### Records supplied ###

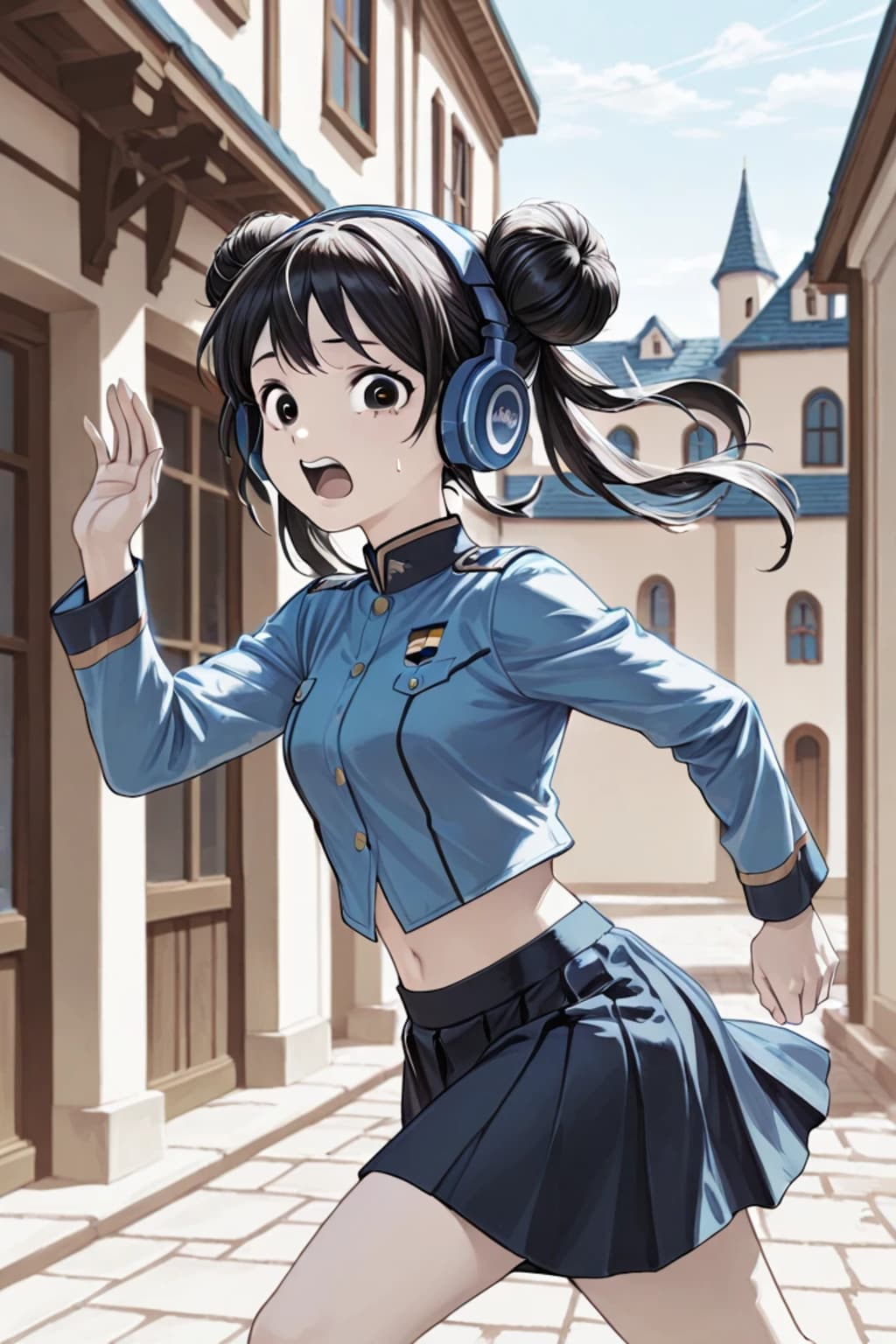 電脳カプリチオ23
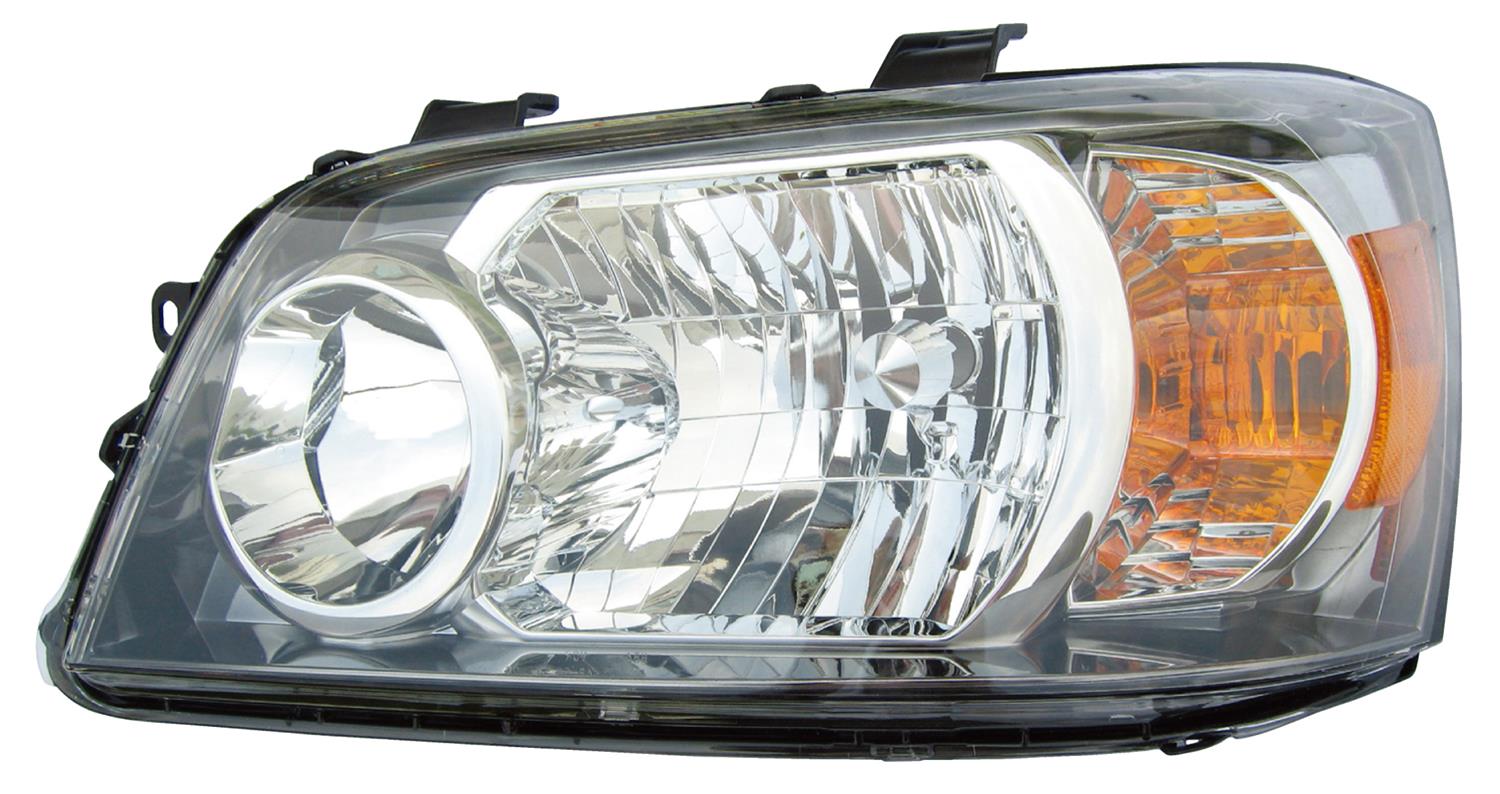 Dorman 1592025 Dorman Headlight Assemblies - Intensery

###
### Records supplied ###

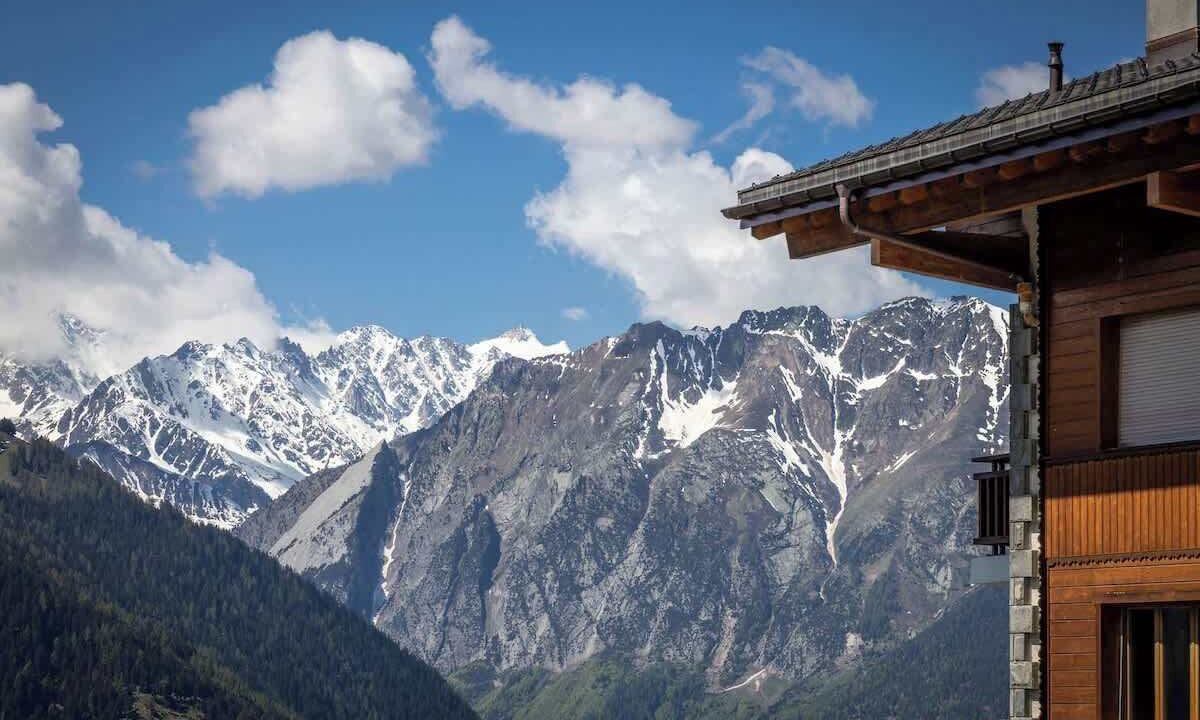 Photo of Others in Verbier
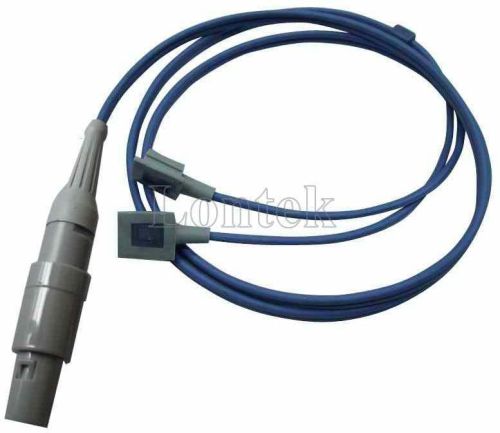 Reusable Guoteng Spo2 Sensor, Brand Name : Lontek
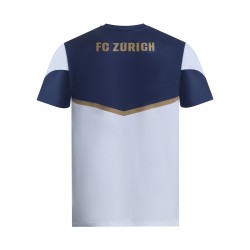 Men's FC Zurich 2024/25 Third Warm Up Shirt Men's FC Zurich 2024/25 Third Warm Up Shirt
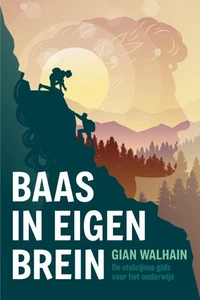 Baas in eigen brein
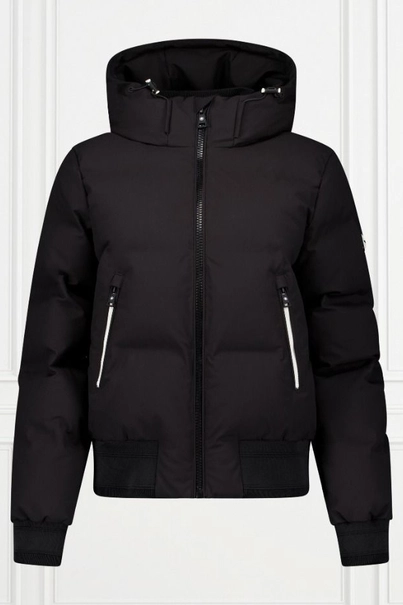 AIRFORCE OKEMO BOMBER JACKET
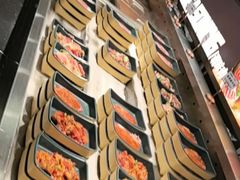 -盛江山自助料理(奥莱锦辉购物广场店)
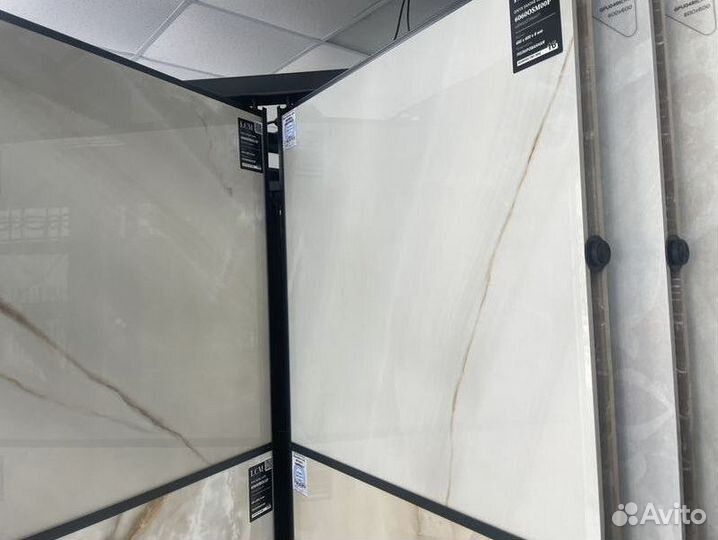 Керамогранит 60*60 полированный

###
### Records supplied ###

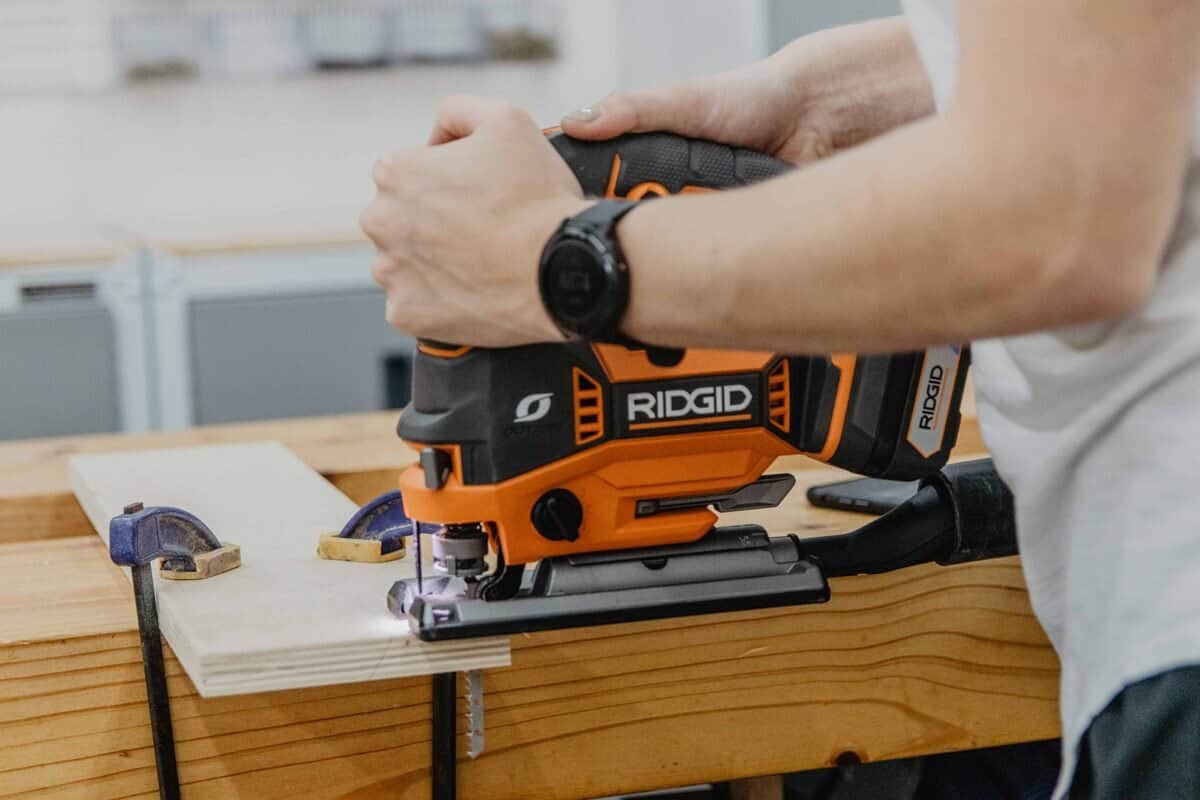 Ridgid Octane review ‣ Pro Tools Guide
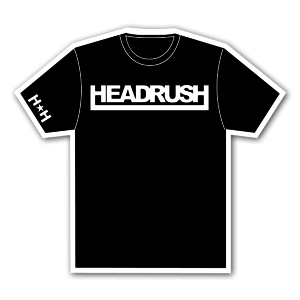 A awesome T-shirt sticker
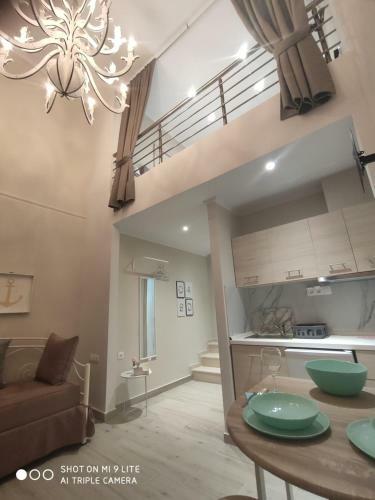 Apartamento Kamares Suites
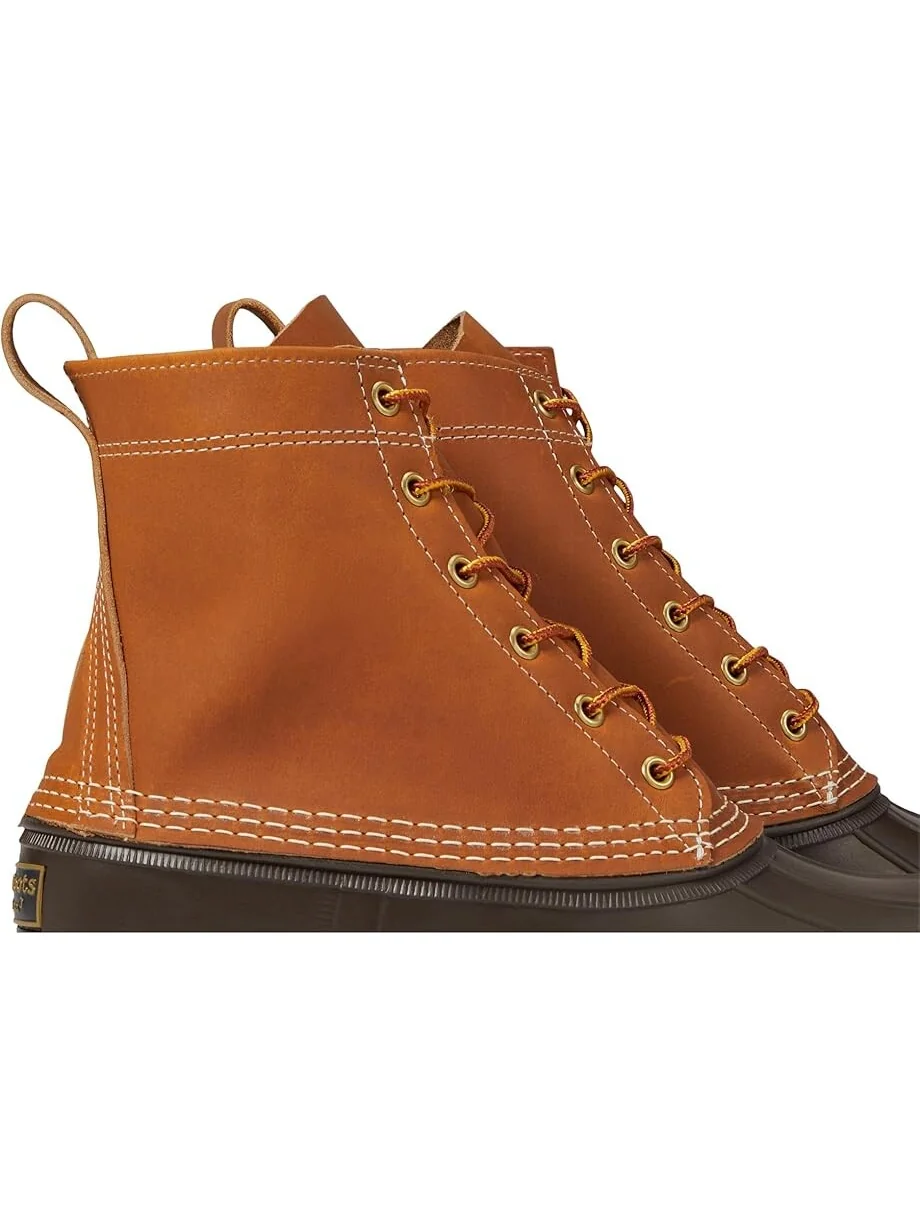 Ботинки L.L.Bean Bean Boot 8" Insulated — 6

###

* Problem requirements *
Using the data above, output the line that has "Men's FC Zurich 2024/25 Third Warm Up Shirt Men's", the line that has "Керамогранит 60*60 полированный", and whatever lines fall between, each exactly as it stands and without pictures.

* Reply to the task *
 Men's FC Zurich 2024/25 Third Warm Up Shirt Men's FC Zurich 2024/25 Third Warm Up Shirt
 Baas in eigen brein
 AIRFORCE OKEMO BOMBER JACKET
 -盛江山自助料理(奥莱锦辉购物广场店)
 Керамогранит 60*60 полированный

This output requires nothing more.